1867 - 1874:
"At half past eight o'clock on the 9th of July 1867, a number of gentlemen met at No 3 Eglinton Terrace for the purpose of forming a "football club".
So reads the opening line of the first minutes of the Queen's Park Football Club, which decided very little other than what to call the fledgling club.
Many of the early members were Highlanders, and names proposed for the club included Morayshire and Northeners, but it was agreed that the name should bear some relation to the locale in which they were to play, and so the name of Queen's Park was taken.

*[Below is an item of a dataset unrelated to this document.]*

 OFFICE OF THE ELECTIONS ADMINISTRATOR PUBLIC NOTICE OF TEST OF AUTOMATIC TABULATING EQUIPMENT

The gentlemen had been inspired up take up football when, while practising their athletics on the Queen's Park Recreation Ground, locals from the YMCA were kicking a ball about on an adjacent part of the Recs. They played the YMCA in a kick about one night, and enjoyed the game so much that they decided to adopt football as their principal sport.
As Queen's were the first football club in Scotland they were forced to play games amongst themselves (with matches between "Smokers" and "Non-Smokers" for example), and it took almost a year before the club played a game of football against another club, and on the 1st of August 1868 Queen's beat fellow Glasgow club Thistle (no relation to Partick) by two goals to nil.

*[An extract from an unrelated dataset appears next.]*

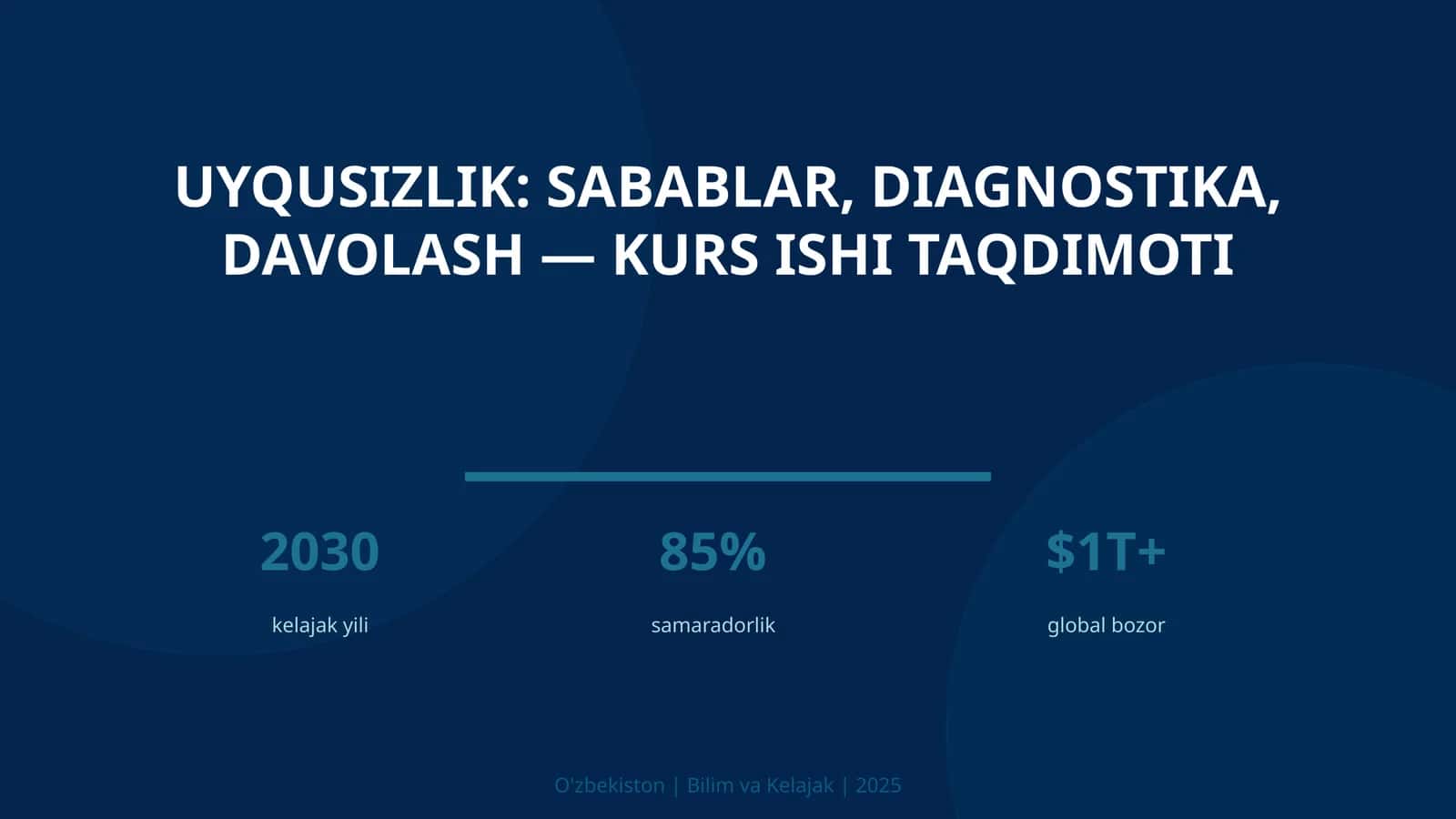 Uyqusizlik: Sabablar, Diagnostika, Davolash — Kurs Ishi Taqdimoti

It took another nine months before the next match, when Hamilton Gymnasium were beaten by four goals to nil. Another seven games followed over the next two and half years, all resulting in wins for Queen's Park, and without the club conceding a goal.
By 1870 Queen's had joined the English FA, and were contributors to the cost of buying the FA Cup. However, the costs of travelling South prevented Queen's from playing any games in the competition until they were drawn against Wanderers in the semi final of the 1871/72 competition.

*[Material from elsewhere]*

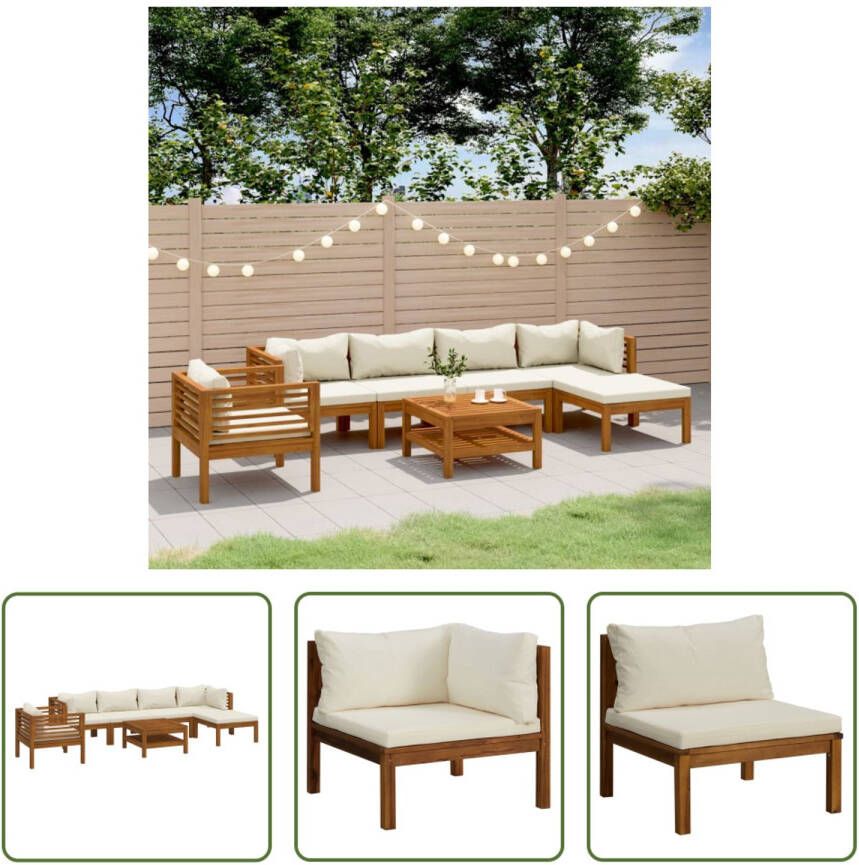 The Living Store Loungeset Tuin Acaciahout Modulair Crème kussens 150x150x62.5 cm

The venue for this game was Kennington Oval, now better known as a cricket test match ground. The other semi final in the competition had been scheduled to be played on the same day, and had Queen's won their tie, then the final was to be played the following day so that Queen's would not have to travel down twice.
However, the game finished goalless, and Queen's were forced to scratch as they couldn't afford to travel for the replay. For several years Queen's took no part in the English competition, and instead turned their focus to the Scottish Cup, which was founded and first competed for in 1873/74, with a total entry of sixteen clubs.
Queen's were drawn to face Dumbreck in the first round of the inaugural competition, and this was the first game to be played in the first Hampden Park, and also the first game in which the one inch black and white hoops were worn. Queen's continued their record of not conceding a goal since their formation, and won by seven goals to nil.
Eastern were disposed of by one goal to nil in the second round, and in the semi final Renton were beaten 2 - 0.
That set up a final against Clydesdale, who at the time were based in the Kinning Park area of Glasgow before moving to Crossmyloof a couple of years later, and Queen's won, again by two goals to nil, to become the first team to lift the Scottish Cup.